[Short descriptive text snippets]
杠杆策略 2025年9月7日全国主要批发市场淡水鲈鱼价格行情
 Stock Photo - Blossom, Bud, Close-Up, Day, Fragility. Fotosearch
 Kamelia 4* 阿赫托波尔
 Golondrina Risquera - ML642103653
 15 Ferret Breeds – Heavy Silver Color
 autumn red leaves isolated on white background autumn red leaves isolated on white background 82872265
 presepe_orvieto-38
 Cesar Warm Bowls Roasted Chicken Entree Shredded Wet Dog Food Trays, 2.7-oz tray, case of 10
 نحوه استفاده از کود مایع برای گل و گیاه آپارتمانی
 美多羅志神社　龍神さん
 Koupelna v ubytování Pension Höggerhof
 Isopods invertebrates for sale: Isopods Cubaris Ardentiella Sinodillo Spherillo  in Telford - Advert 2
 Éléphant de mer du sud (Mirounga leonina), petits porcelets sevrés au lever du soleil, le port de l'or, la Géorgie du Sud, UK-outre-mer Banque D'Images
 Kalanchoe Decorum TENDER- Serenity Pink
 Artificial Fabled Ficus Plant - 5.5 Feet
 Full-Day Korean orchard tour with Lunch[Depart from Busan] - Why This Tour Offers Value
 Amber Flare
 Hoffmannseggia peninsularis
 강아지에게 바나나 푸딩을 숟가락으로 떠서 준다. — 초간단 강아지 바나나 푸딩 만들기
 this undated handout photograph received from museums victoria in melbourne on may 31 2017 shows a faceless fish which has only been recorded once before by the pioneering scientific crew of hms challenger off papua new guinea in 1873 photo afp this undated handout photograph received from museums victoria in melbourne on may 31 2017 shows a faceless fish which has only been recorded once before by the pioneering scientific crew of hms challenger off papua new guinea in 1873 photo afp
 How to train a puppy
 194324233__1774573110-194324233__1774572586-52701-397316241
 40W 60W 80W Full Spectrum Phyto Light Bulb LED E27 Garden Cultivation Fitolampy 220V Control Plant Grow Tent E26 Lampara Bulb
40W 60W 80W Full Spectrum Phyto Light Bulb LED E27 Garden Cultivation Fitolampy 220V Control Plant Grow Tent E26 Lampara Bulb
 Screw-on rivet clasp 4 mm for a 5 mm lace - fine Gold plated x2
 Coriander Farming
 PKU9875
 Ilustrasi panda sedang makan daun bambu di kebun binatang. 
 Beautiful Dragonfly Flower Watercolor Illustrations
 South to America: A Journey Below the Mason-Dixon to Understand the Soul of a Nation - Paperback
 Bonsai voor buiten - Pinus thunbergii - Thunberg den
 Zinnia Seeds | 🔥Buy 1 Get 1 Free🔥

* **Task requirements**
Tell how many lines in the entries above include the word "Tent", and respond with the number alone.

* **Answer to this exercise**
2